Why Another Markdown Editor?

I like Mou. I write Markdown all the time, and since I use OS X on a daily
basis, Mou is my go-to editor whenever I wish to generate something with
markup. But I had always wanted something more.

It came as a great shock when Chen Luo announced that he felt he could not
actively continue the development, and wished to sell the ownership of Mou. No
suitable offers surfaced (I honestly do not think there will be, either), and
I decided that instead of waiting for others to do something about this, I
should act myself.

I don’t have nearly enough money to match Chen Luo’s purposed offer, but I do
have my own pocket of tricks and some free time. So I started from scratch,
spent some weekends hacking together my own solution. And this is the result.

"

[http://macdown.uranusjr.com/](http://macdown.uranusjr.com/)

------
optimusclimb
You'd have to pry emacs from my cold, dead hands.

Nonetheless, I have both Mou and Macdown handy, and they really are nice for
editing in markdown. As someone else said, marking up your documents in
markdown is great, but reading/proofing them as they will be rendered at the
same time really enhances the experience.

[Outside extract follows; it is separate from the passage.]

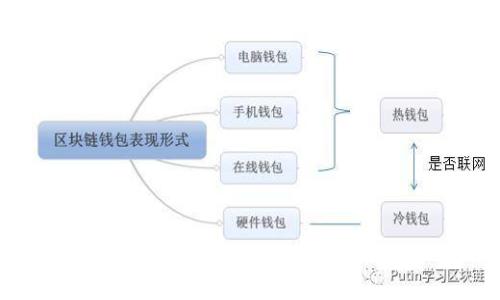 区块链公司数字钱包：安全、便捷、未来支付的新选择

As for which I prefer, or which is better? So far I haven't seen enough
difference to recommend one over the other. However, the fact that Mou seems
like it might be becoming abandonware, or, "a release every now and then if I
feel like it, maybe"-ware is upsetting. Everyone's seen the effect that's had
on Sublime. So on that note, I'm kind of glad someone made an open source
version.

I find it weird in the field of text editors - emacs and vim are some of the
most useful, powerful pieces of software in existence - and they are free, and
open source.

So, if you're going to compete in that arena and charge, you had better be
serious about it, and update often (i.e. IntelliJ or Pycharm.)

------
lynndylanhurley
I've been using this for a few weeks now and I really like it.

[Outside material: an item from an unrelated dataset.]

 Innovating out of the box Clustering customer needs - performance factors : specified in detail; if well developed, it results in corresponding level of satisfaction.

My only complaint is that the preview window doesn't line up with the editor
window sometimes, usually when using lots of images.

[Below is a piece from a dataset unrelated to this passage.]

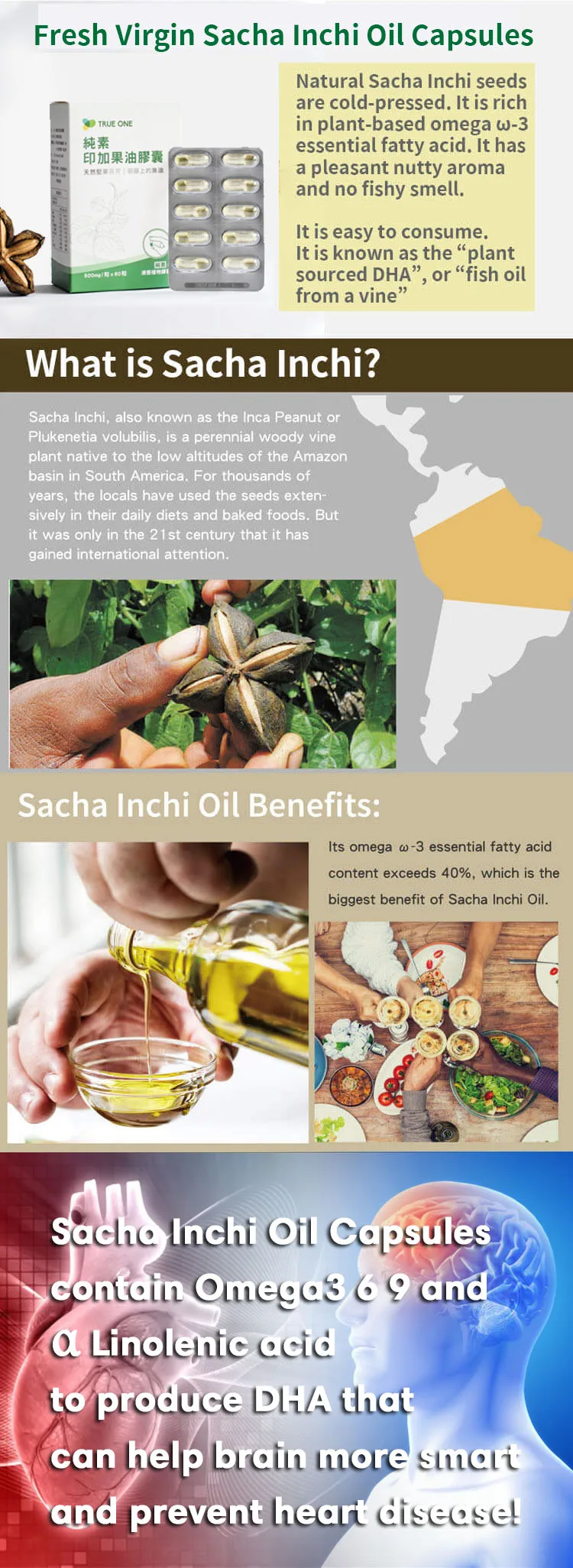 Sacha Inch pill  new3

Overall it's been really great tho. It's the best markdown editor that I've
ever used. Excellent work.

------
plainOldText
I personally like it. Very simple. Seems a bit better than Mou, which btw
doesn't recognize the github flavored code blocks.

------
plg
Just asking (not trolling, really), but what are the reasons for using
markdown and not emacs org-mode? Is it simply that you don't have to use
emacs? I like markdown and all but it seems redundant since org-mode already
exists.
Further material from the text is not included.